Russian authorities must immediately release Ukrainian journalist Viktoria Roshchina and end the practice of illegally detaining Ukrainian journalists in occupied territories, the Committee to Protect Journalists said Wednesday.
“CPJ strongly denounces Russian authorities’ detention of journalist Viktoria Roshchina, who went missing 300 days ago while reporting in Russian-occupied Ukraine,” said Gulnoza Said, CPJ’s Europe and Central Asia program coordinator. “Russian authorities must immediately release Roshchina and stop detaining Ukrainian nationals. Journalists must be able to freely report on the war without fear of reprisal. Ukrainian authorities should include Ukrainian journalists captured by Russia in prisoner exchange plans to bring them home to safety.”
The Russian Ministry of Defense confirmed in an April 17 letter to Roshchina’s father that the journalist was detained and “currently in the territory of the Russian Federation,” according to a May 27 report by the National Union of Journalists of Ukraine (NUJU), a local advocacy and trade group.
“The most important is that Russia has officially recognized its responsibility for Viktoria’s fate. We all need to make great efforts to see our colleague free. But this confirmation gives us a
Read also
chance,” NUJU’s head Sergiy Tomilenko told CPJ.
Roshchina’s detention was later confirmed by the International Committee of the Red Cross, which told her father that there was currently no access to her, NUJU reported.
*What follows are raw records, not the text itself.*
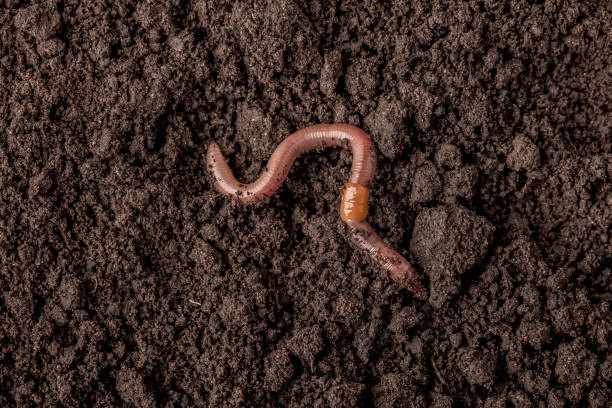 istock Earthworm in the soil 2161914592
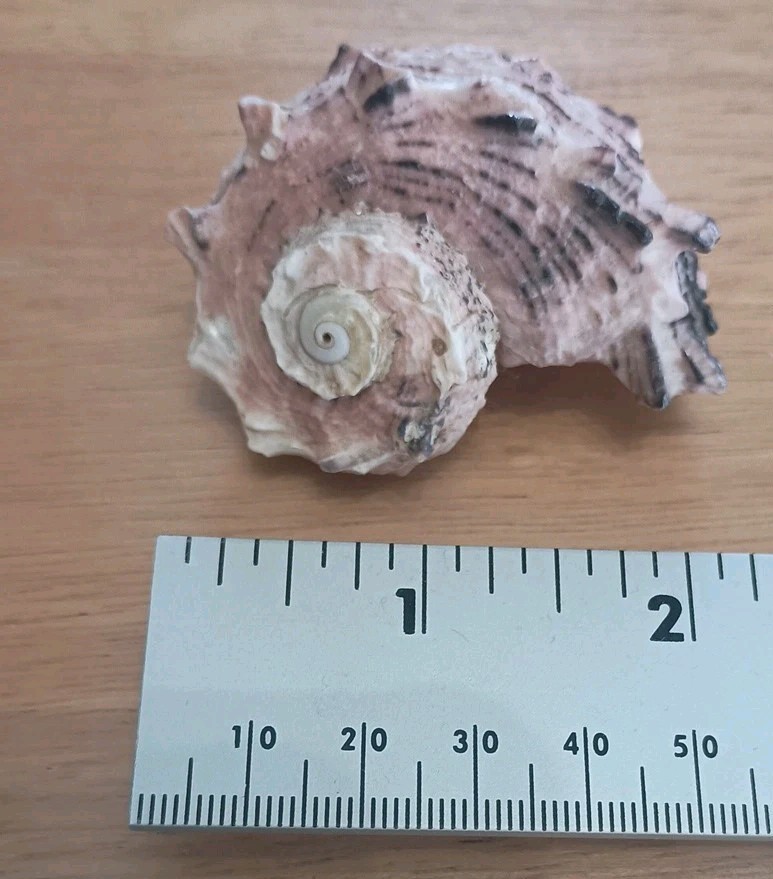 Natural Delphinula Seashell Shell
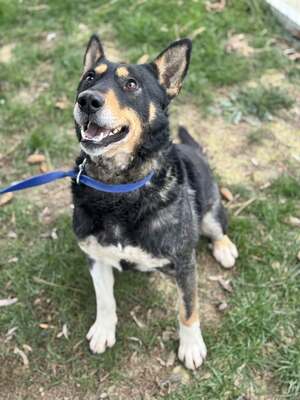 ALFA - unglaublich liebevolle Seele sucht!, Mischling - Rüde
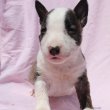 Mini Bull Terrier – kölykök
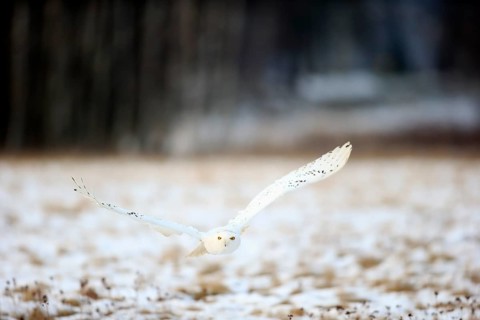 Snowy Owl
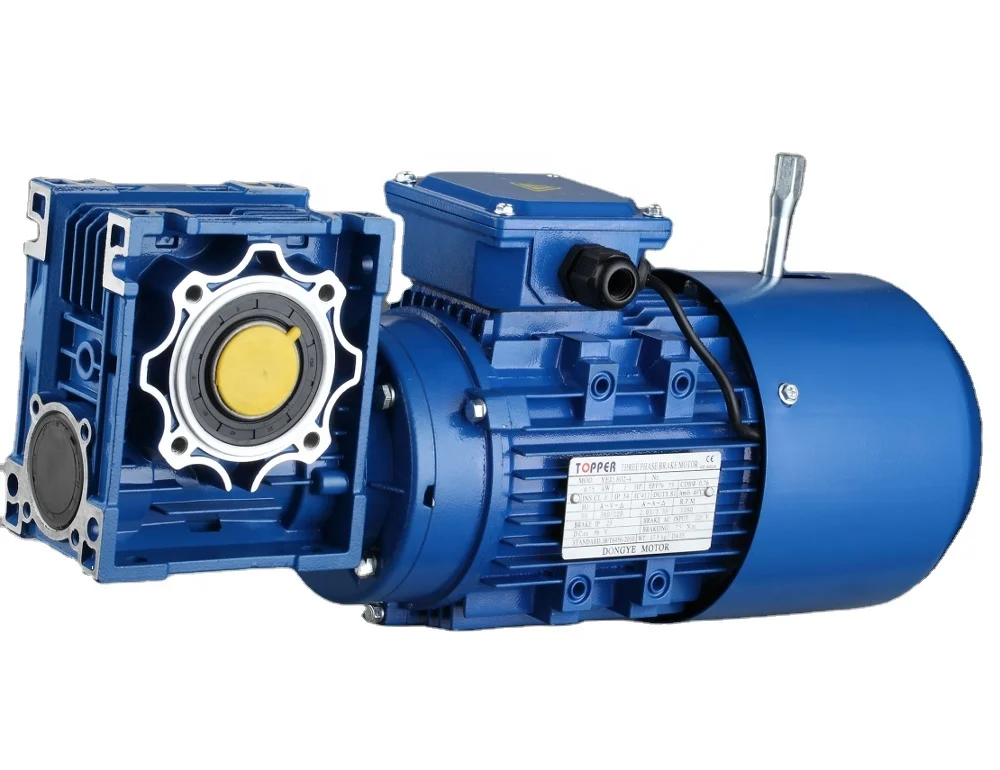 High Quality YEJ2 Electromagnetic Power-cut Brake DC Three Phase Motor with Worm Gearbox Use for Grain Processing Machinery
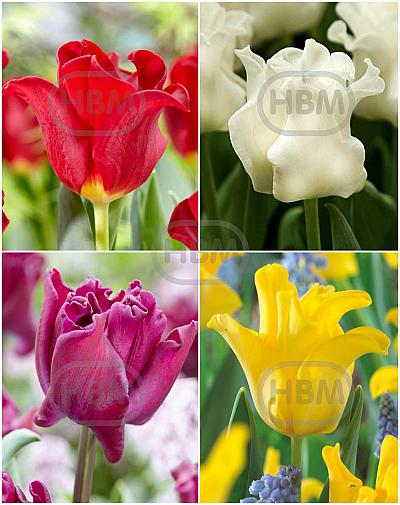 S15 Tulipa Crown (4x75)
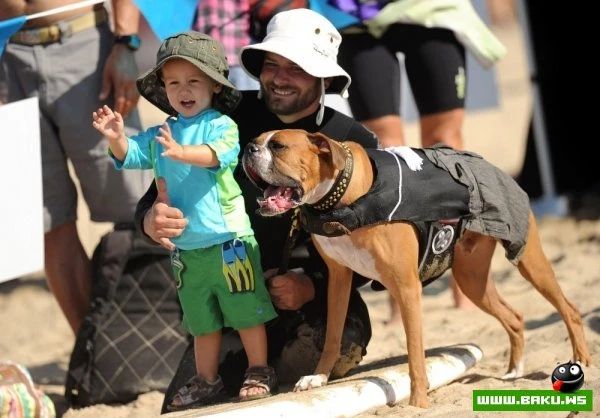 Ежегодный конкурс собак-серфингистов «Surf City Surf Dog»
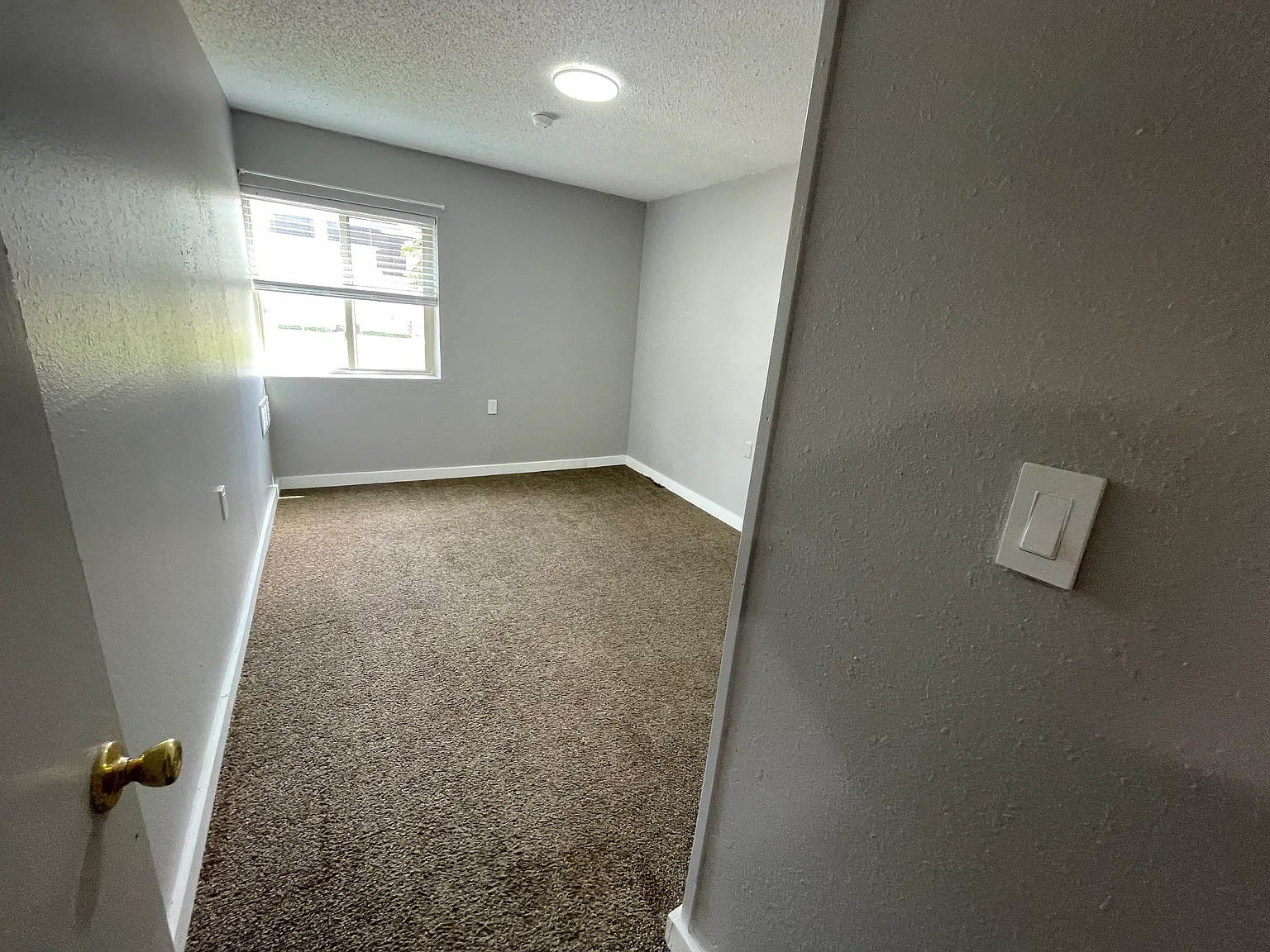 1 bed, $600 — Photo 3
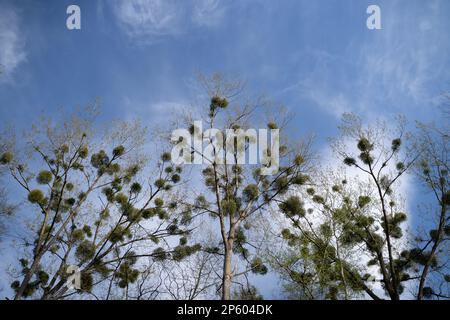 Fila di alberi con palle di vischio contro il cielo blu Foto Stock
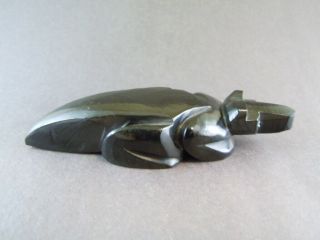 Big Gorgeous Tenacious Zuni Jet Black Badger Fetish Carving Lorvin Kiyite 82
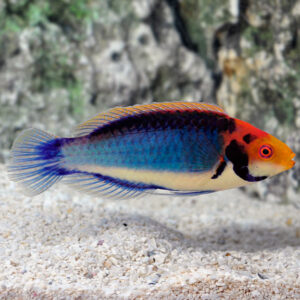 Fairy Solarensis Wrasse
Roshchina is a freelance reporter who has been covering the war in Ukraine for several Ukrainian media outlets, including independent Ukrainian news website Ukrainska Pravda, regional news website Novosti Donbassa, and privately owned news website Censor.net. She went missing on August 3, 2023, when she traveled to the occupied territories of eastern Ukraine to report on the situation there.
In March 2022, Roshchina was detained by Russian forces for 10 days while reporting in southeastern Ukraine. That same month, Russian forces in Ukraine’s southeastern Zaporizhzhia region fired on her vehicle.
CPJ’s emails to the Russian Ministry of Defense and the International Committee of the Red Cross about Roshchina did not receive an immediate response.
Multiple Ukrainian journalists have been detained in the Russian-occupied territories of Ukraine. The whereabouts of former journalist Iryna Levchenko, missing since early May 2023, of journalist Dmytro Khilyuk, detained in early March 2022, and of journalists Heorhiy Levchenko and Anastasiya Glukhovska, detained in August 2023, are still unknown.
Russia was the world’s fourth-worst jailer of journalists in CPJ’s 2023 prison census, with at least 22 journalists behind bars as of December 1.